El día 6 será el momento central de toda la misión. Orion alcanzará su punto de mayor distancia respecto de la Tierra y pasará a entre 4.000 y 6.000 millas de la superficie lunar mientras rodea la cara oculta de la Luna. Dependiendo del día y la hora exacta del lanzamiento, la misión incluso podría superar el récord de distancia alcanzado por la tripulación del Apollo 13 en 1970. La mayor parte del día estará dedicada a la observación del relieve lunar, con toma de fotografías, videos y descripciones en tiempo real. Durante entre 30 y 50 minutos, además, la nave perderá contacto con la Tierra al pasar por detrás de la Luna.
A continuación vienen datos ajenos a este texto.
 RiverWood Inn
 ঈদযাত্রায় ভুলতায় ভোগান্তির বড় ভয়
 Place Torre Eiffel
El día 7 comenzará con la salida de Orion de la esfera de influencia lunar. Antes de alejarse demasiado, los astronautas tendrán intercambios con científicos en tierra para registrar impresiones todavía frescas del sobrevuelo. Más tarde se ejecutará la primera de tres correcciones de trayectoria de regreso y el resto del día quedará mayormente liberado para descanso de la tripulación.
Etapa de retorno
El día 8 incluirá dos demostraciones operativas importantes. La primera será un ensayo de protección frente a eventos de alta radiación, como una tormenta solar, en el que la tripulación deberá improvisar un refugio interno utilizando suministros y equipamiento de la nave. La segunda será una prueba de pilotaje manual de Orion, con distintas maniobras de orientación y control para evaluar el comportamiento del vehículo bajo comando directo de los astronautas.
El día 9, último día completo en el espacio, estará centrado en preparar la reentrada. La tripulación repasará procedimientos de retorno y amerizaje, hablará con el equipo de control de vuelo y realizará otra corrección de trayectoria para mantener la nave dentro de su corredor de regreso. También se completarán ensayos sobre sistemas alternativos de recolección de residuos y pruebas de prendas de compresión pensadas para reducir problemas circulatorios al volver a la gravedad terrestre.

El día 10 estará dedicado al regreso. Una última corrección de trayectoria dejará a Orion en la senda correcta hacia la Tierra, la cabina será reconfigurada para la fase de descenso y el módulo de servicio se separará para exponer el escudo térmico. Durante la reentrada, la cápsula deberá soportar temperaturas de hasta 3.000 grados Fahrenheit antes de desplegar una secuencia de paracaídas que reducirá la velocidad hasta unos 17 mph para el amerizaje en el océano Pacífico, donde equipos de recuperación de la agencia y de la Marina estadounidense estarán esperando a la tripulación.
Con el regreso del cohete a plataforma, la cuarentena de la tripulación ya en marcha y la ventana del 1 de abril como primer objetivo, Artemisa II dejó atrás la etapa de reparaciones y pasó a la secuencia final de chequeos previos al despegue. Si no aparecen nuevas demoras técnicas o meteorológicas, la misión volverá a llevar astronautas al entorno lunar por primera vez en más de medio siglo y pondrá a prueba, día por día, la arquitectura con la que Estados Unidos busca retomar su presencia tripulada más allá de la órbita terrestre.